> _TASK OBJECTIVE_:
Write out exactly the lines from the one holding "San Isidro 4117 map" to the last line of the entries, both ends included and nothing else, without the pictures.

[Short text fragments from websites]
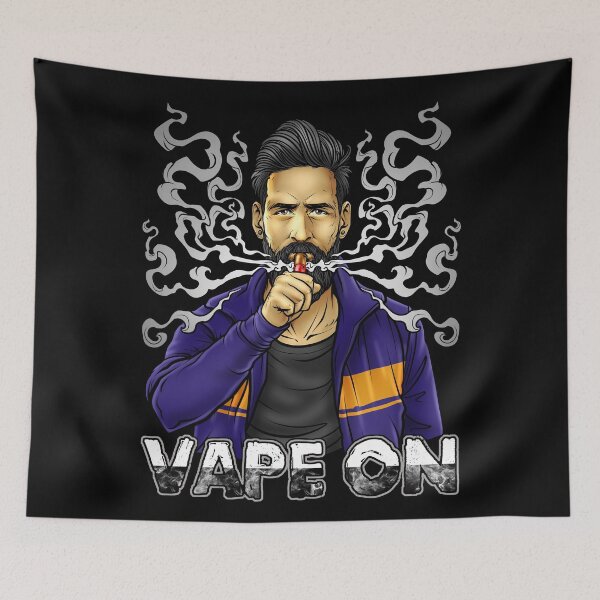 Item preview, Vape On Illustration | Bearded Vaper | Mech Mod designed and sold by anziehend.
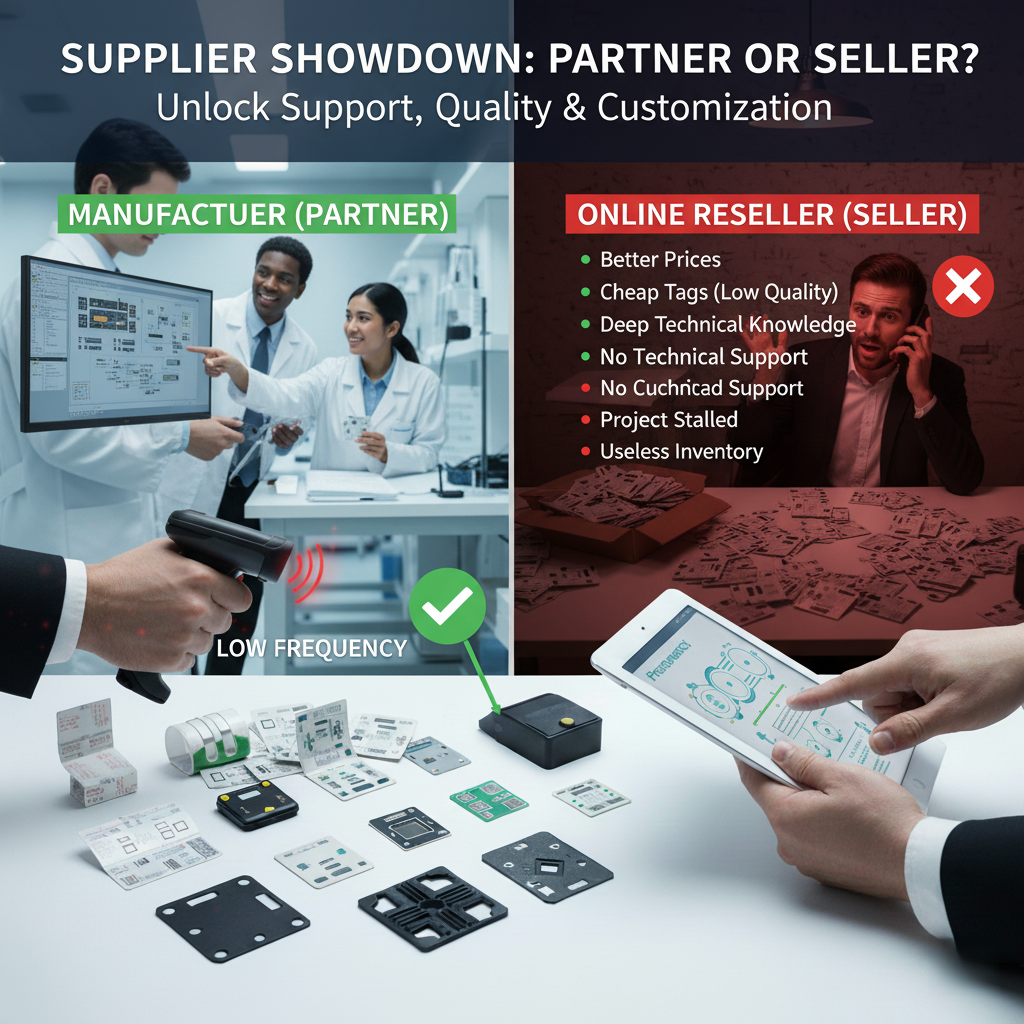 A person having a technical discussion with a supplier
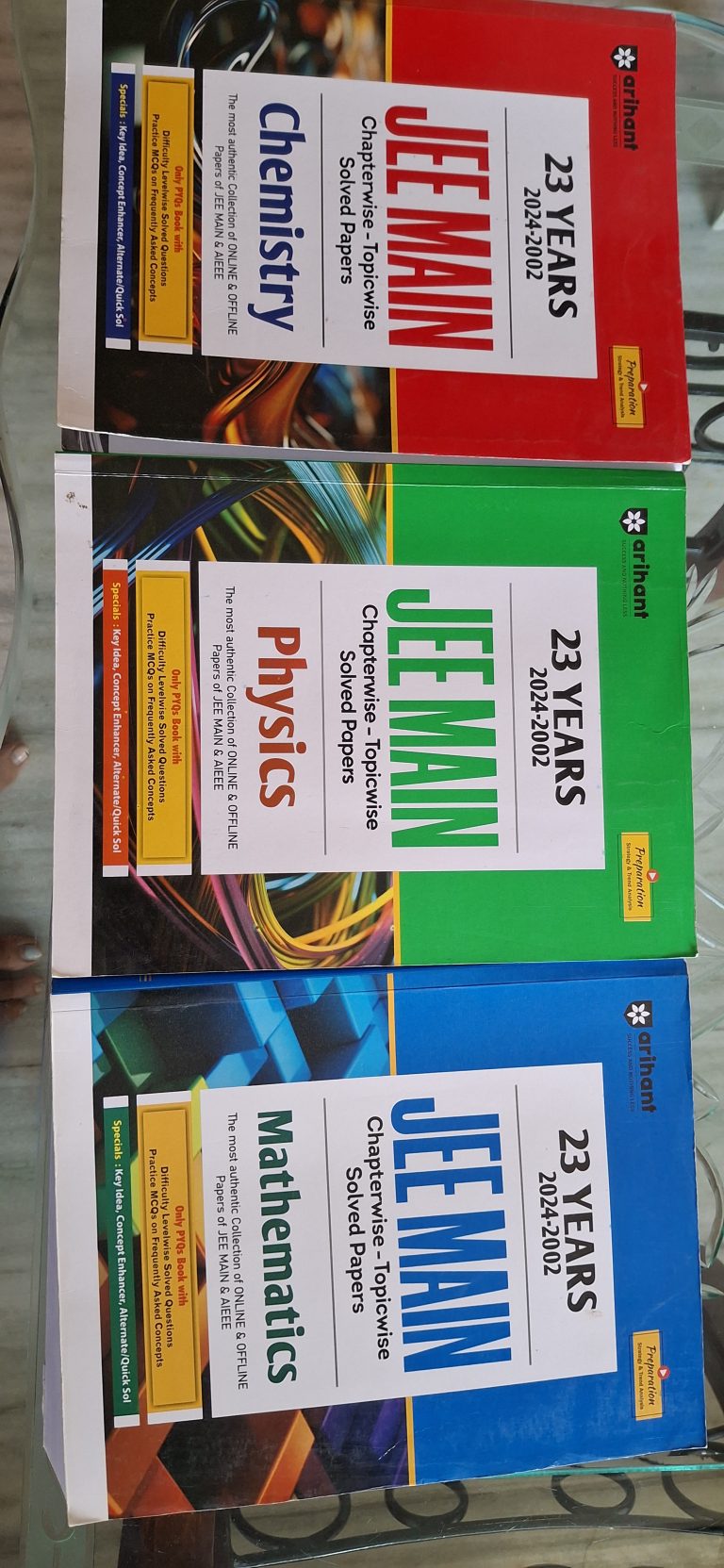 JEE PYQ Books PCM Arihant 23Years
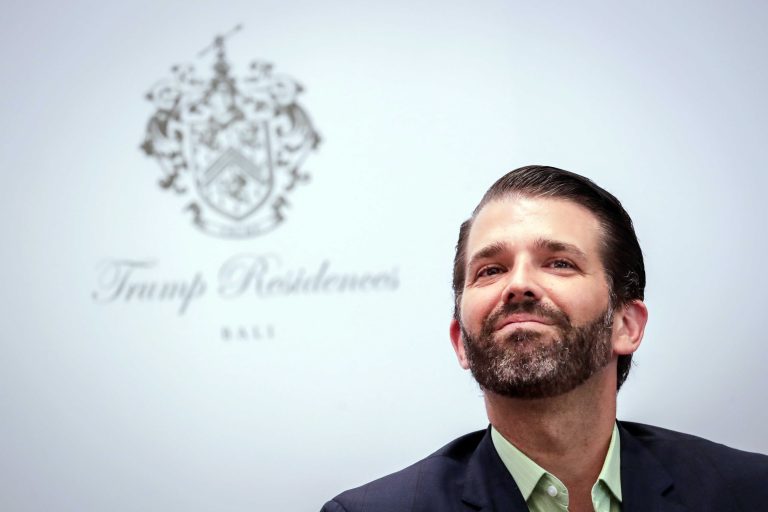 Donald Trump fia bejelentkezett az elnöki székért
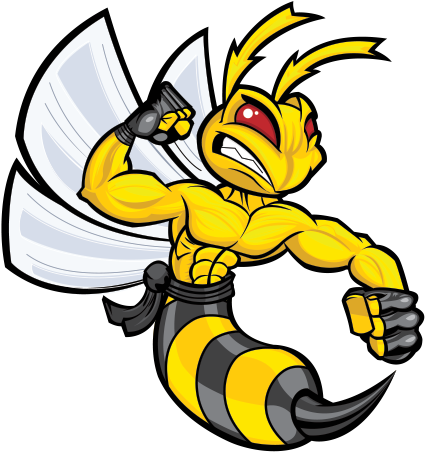 Wasp Stock Illustration - Download Image Now - Wasp, Bee, Fighting ...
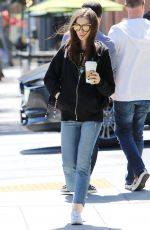 LILY COLLINS Shopping at Williams Sonoma in Beverly Hills 04/18/2018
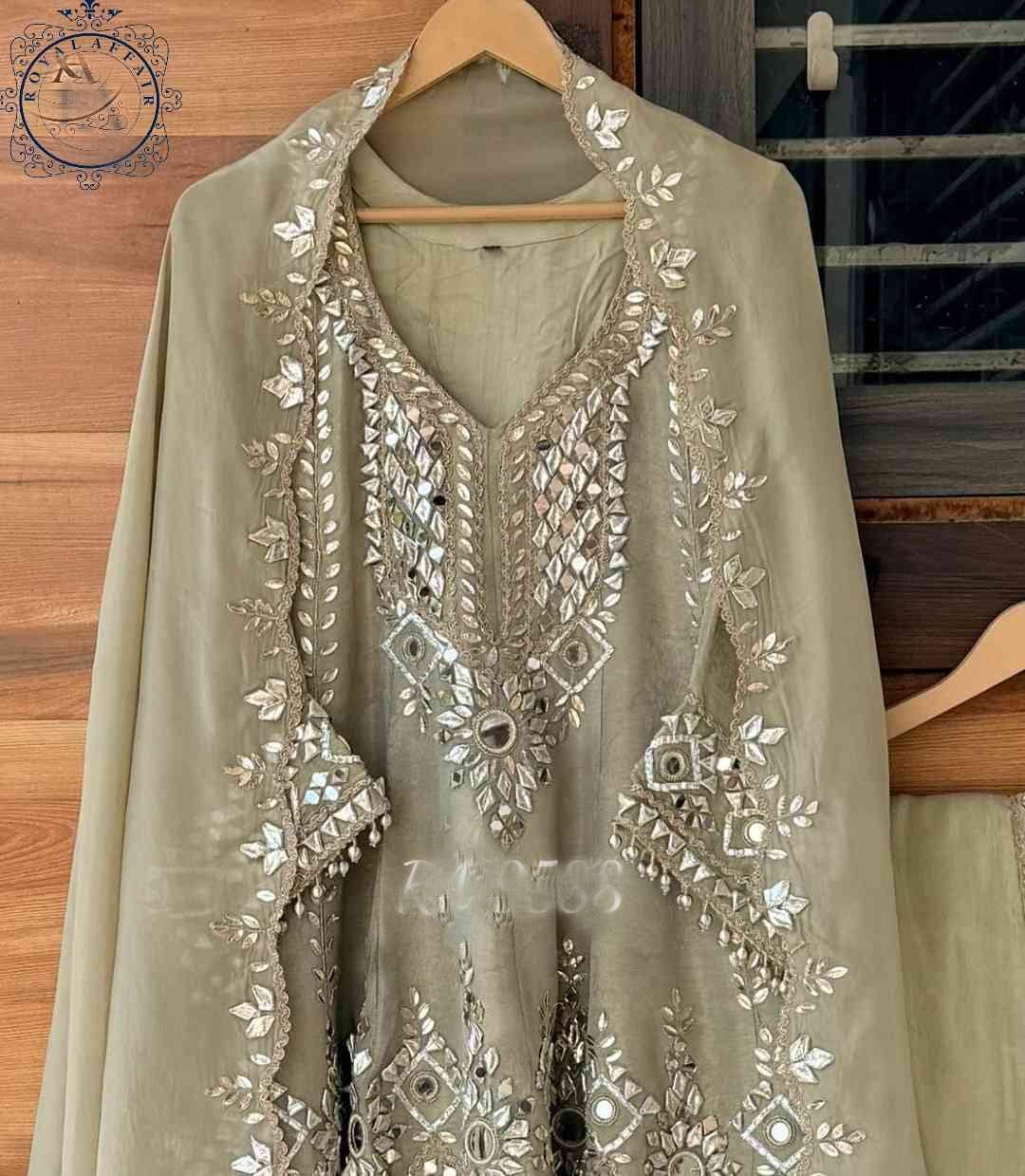 Designer inspired stitched dress wedding dresses gottapatti dress for women SaffronFashion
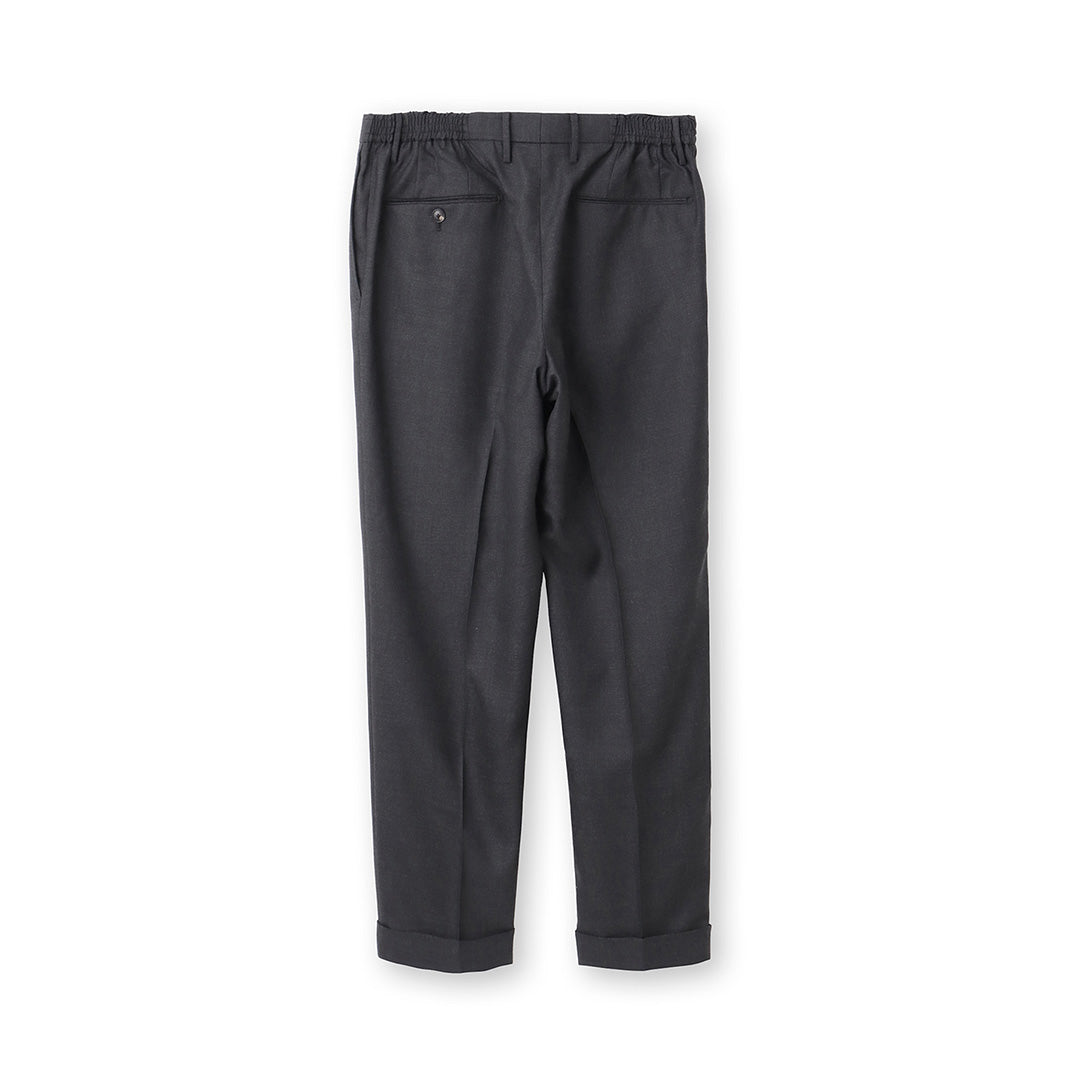 【Renewal】Twill Easy Trousers Color: Charcoal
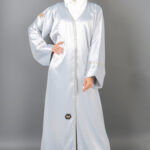 ⁦عبايه الجازار الطبيعي رمادي⁩ - الصورة ⁦2⁩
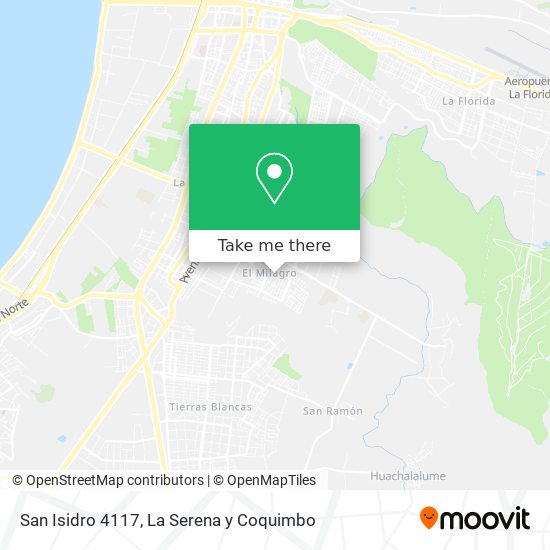San Isidro 4117 map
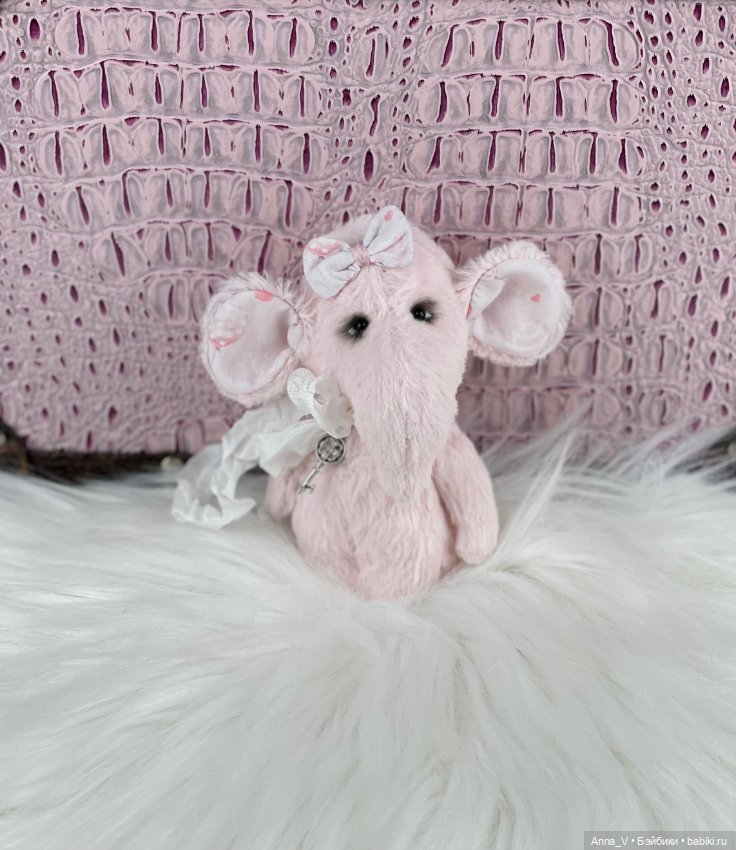 Тедди слонька Тося — Авторские мишки Тедди и друзья: фото (фото 4)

> _RESPONSE TO THIS EXERCISE_:
San Isidro 4117 map
 Тедди слонька Тося — Авторские мишки Тедди и друзья: фото (фото 4)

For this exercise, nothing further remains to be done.